Women at the FT are said to be furious after discovering they are paid on average 13 per cent less than their male colleagues.
The newspaper’s union called a meeting this week after deciding the issue was being brushed under the carpet by senior management, according to Sky News.
“The gender pay gap in FT editorial is nearly 13 per cent - the biggest shortfall in a decade - and the company's 'ambition' to reach equality by 2022 is worse than the BBC's present target of 2020,” said Steve Bird, father of the FT's National Union of Journalists chapel, in an email to 600 staff at the organisation.
“Working for a private company where even the salaries of the editor and CEO are not disclosed does not inspire confidence in the FT's commitment to transparency.
"And recent corporate statements seem more concerned about the commercial implications of gender bias than bringing women's salaries into line with those of male counterparts.
"After a recent leader in the FT stated: 'Women are right to be angry at the pay gap', it's time for the Financial Times to put its money where its mouth is.”
Senior women at the BBC wrote an open letter to protest at gender inequality at the corporation after it was forced to reveal that two-thirds of its highest earners were men.
Tony Hal, the BBC's Director General, has pledged to have parity of pay by 2020, although several of the corporation's well-known female presenters and journalists are currently renegotiating their contracts following the revelations.
The FT’s internal audit showed that 70 male members of staff earned more than £80,000, while just 20 women were paid more than that sum.
The FT said in a statement to Sky: “We take the matter of gender pay seriously and welcome the Government's move to make all large UK companies report on the issue.
”We have a 50/50 female-male split among our workforce and there are more women in senior roles across the newsroom and commercial teams than ever before. We have a long list of active initiatives in place to further that progress.
“We will be reporting on pay in due course, in line with the UK government timetable.

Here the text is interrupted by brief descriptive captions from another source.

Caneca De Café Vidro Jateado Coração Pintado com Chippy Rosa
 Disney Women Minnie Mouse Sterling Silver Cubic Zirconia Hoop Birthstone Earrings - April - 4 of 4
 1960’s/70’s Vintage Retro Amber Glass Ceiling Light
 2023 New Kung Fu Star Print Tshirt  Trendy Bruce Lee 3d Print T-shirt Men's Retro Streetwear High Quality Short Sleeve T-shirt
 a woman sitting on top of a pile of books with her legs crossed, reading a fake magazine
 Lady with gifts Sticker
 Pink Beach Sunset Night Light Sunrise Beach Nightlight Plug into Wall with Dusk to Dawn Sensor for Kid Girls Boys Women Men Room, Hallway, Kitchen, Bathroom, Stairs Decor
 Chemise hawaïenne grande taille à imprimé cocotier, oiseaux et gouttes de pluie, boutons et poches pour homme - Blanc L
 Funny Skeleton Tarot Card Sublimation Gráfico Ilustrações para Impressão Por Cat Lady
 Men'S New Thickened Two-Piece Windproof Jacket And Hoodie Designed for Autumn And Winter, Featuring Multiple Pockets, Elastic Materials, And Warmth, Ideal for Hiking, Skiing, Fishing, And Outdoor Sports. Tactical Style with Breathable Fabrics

From benchmarking we have seen we compare favourably to the industry.”
Women in various different media organisations are expressing their discontent at the gender pay gap which exists in most newsrooms.
One told the Independent: “It’s bitterly ironic that we write so many stories on gender equality and sexism while being paid less than our male colleagues – even when we have the same or a very similar level of experience and competence.
“It’s high time something was done about it, because our bosses – who are mostly men – have been getting away with it for far too long."
The reporter added: “It’s good to hear union action is on the cards at the FT and that the men there are being supportive of their female colleagues because that’s the only way to move forward, with the men recognising that this is unacceptable and standing with us.”
The FT’s union was expected to put out a statement on further action in the coming week.